UA-5095748-1

## Wednesday, December 12, 2012

### a fun math card game and a computer program to solve it.

My wife has been playing this fun card game ever since she was a kid, and I just learn about it recently. The game can be played with 2 or more people.

1) Start with a normal deck of card and remove all the face cards, so only cards 1 to 10 remains
2) Shuffle the cards
3) Set 4 cards face-down and apart in a square fashion so all 4 cards can be see at once
4) Everyone turn over the cards at the same time
5) Use all 4 cards, and any combination of +, -, *, and /,
6) When a player to find a solution that results as 24, the player must slaps the table and calls out the solution.
7) First person slaps and provides the correct answer wins the round and keeps the 4 cards.
6) Play until all the cards gone and the winner is the person with the most number of cards

Here is another variation for younger kids.
5) Allow only +, and - for math operations and you don't have to use all 4 cards
6) find a solution that results as 5
7) the 1st person that slaps, provides the correct answer, and uses the most cards, wins the round and keeps number of cards used in the solutions. The unused cards goes into a junk pile.

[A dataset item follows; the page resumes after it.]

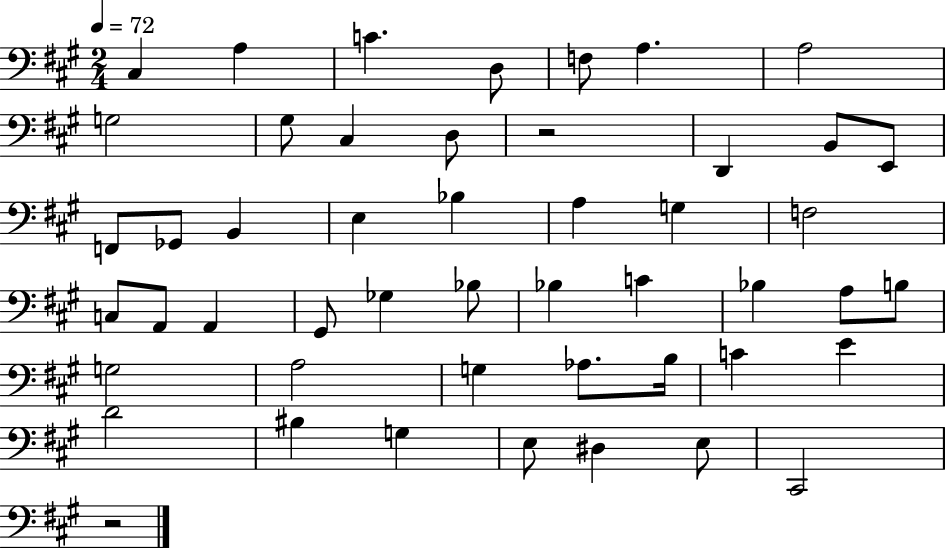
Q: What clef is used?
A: bass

Needless to say, I didn't win any games. So I decided to write this little C# program to find all possible solutions to sooth my ego a bit. :)

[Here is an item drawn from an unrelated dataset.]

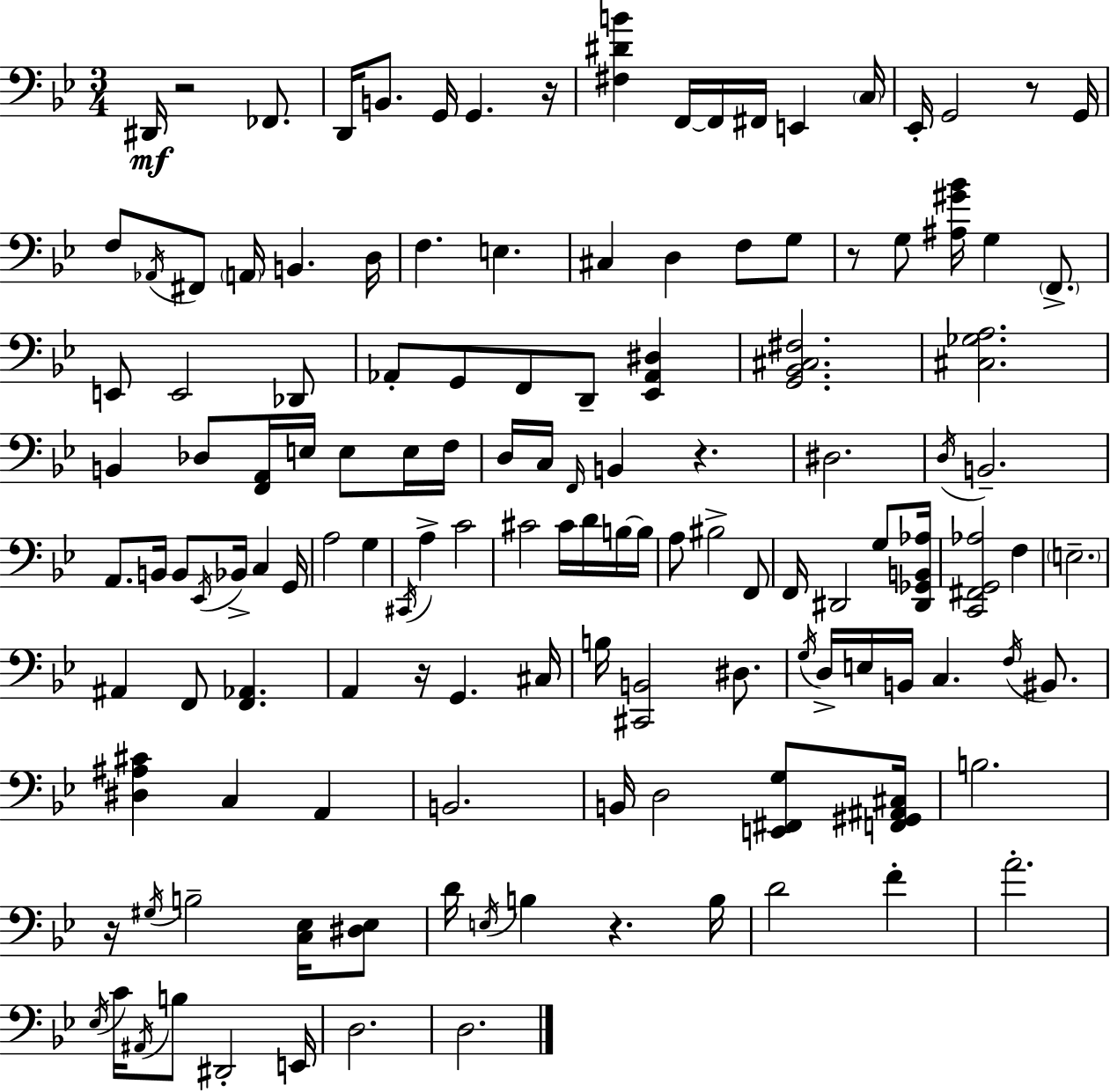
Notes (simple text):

This recursive program can handle any number of cards (not just 4) and solve for any value (not just 24).
It can find all possible solutions or just the 1st one. This is brute force algorithm to checks for all combination, I imagine there must be a more elegant solution.

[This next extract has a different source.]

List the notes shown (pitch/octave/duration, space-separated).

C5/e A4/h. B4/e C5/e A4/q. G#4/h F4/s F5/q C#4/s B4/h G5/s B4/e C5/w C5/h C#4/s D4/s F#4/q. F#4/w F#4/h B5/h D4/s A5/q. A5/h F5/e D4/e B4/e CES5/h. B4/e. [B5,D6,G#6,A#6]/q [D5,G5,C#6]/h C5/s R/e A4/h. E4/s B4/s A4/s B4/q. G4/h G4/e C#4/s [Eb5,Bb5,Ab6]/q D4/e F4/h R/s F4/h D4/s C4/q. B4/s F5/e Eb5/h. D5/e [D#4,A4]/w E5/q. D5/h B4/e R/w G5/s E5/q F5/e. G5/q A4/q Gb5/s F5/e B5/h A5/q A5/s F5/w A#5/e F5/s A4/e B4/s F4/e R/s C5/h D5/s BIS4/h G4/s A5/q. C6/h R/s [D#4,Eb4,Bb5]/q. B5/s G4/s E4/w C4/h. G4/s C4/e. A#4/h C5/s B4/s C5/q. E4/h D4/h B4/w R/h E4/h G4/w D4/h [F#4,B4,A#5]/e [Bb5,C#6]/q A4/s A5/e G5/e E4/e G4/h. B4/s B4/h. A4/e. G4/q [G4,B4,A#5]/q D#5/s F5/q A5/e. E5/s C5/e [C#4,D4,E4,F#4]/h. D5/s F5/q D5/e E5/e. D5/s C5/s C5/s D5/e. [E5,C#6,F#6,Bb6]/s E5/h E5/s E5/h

If you need a refresher on recursion, here is a link with good description. I referenced this model when I wrote this code.

Here is the code.
----------------------------

using System;
using System.Collections.Generic;
using System.Linq;
using System.Text;

namespace ConsoleApplication1
{
class PlayCards
{
enum Operator
{
Plus,
Minus,
Multiple,
Divide
};

static void Main(string[] args)
{
int[] cards = new int[] {1, 2, 3, 4};
//Operator[] permOperators = new Operator[] { Operator.Plus, Operator.Minus, Operator.Multiple};
PlayCards game = new PlayCards();

string line;
System.Console.WriteLine("Enter a cards shown separated by space. Example: 1 2 3 4");
string[] words = line.Split(' ');

cards = new int[words.Count()];
int i = 0;
foreach (string word in words)
{
int card = 0;
if (word.Length > 0 && int.TryParse(word, out card) == true)
{
cards[i] = card;
i++;
}
}
int[] newCards = new int[i];
Array.Copy(cards, newCards, i);

game.recursiveCards(new int[0], newCards, new Operator[0], 24, true);
System.Console.WriteLine("1st solutions");

int found = game.recursiveCards(new int[0], newCards, new Operator[0], 24, false);
System.Console.WriteLine("found " + found + " solutions");
}

private int recursiveCards(int[] permCards, int[] remainCards, Operator[] permOperators, int target, bool firstOnly)
{
int result = 0;

if (remainCards.Count() == 0)
{
// evaluate result
int evaluateRes = 0;
evaluateRes = permCards[0];

for (int i = 1; i < permCards.Count(); i++)
{
if (i <= permCards.Count() - 1)
{
switch(permOperators[i - 1])
{
case Operator.Plus:
evaluateRes = evaluateRes + permCards[i];
break;
case Operator.Minus:
evaluateRes = evaluateRes - permCards[i];
break;
case Operator.Multiple:
evaluateRes = evaluateRes * permCards[i];
break;
case Operator.Divide:
evaluateRes = evaluateRes % permCards[i];
break;
}
}
}

if (evaluateRes == target)
{
// print result
for (int i = 0; i < permCards.Count() - 1; i++)
{
System.Console.Write(permCards[i] + " ");
System.Console.Write(permOperators[i].ToString() + " " );
}
System.Console.WriteLine(permCards[permCards.Count() - 1] + " = " + evaluateRes);
result = 1;
}
}
else
{
// set the newPermCards
int[] newPermCards = new int[permCards.Count() + 1];
int[] newRemainCards = new int[remainCards.Count() - 1];
permCards.CopyTo(newPermCards, 0);

for (int i = 0; i < remainCards.Count(); i++)
{
// generate the remaining cards permutations
newPermCards[permCards.Count()] = remainCards[i];
int r = 0;
for (int j = 0; j < remainCards.Count(); j++)
{
if (j != i)
{
newRemainCards[r] = remainCards[j];
r++;
}
}

// generate the new operators permutations
Operator[] newPermOperators = new Operator[permOperators.Count() + 1];
permOperators.CopyTo(newPermOperators, 0);
foreach (Operator newOp in Enum.GetValues(typeof(Operator)))
{
newPermOperators[permOperators.Count()] = newOp;

// recusively compute results
result += recursiveCards(newPermCards, newRemainCards, newPermOperators, target, firstOnly);

// check if we need to terminate on 1st or keep on looking
if (firstOnly && result > 0)
{
return result;
}
}
}
}

return result;
}
}
}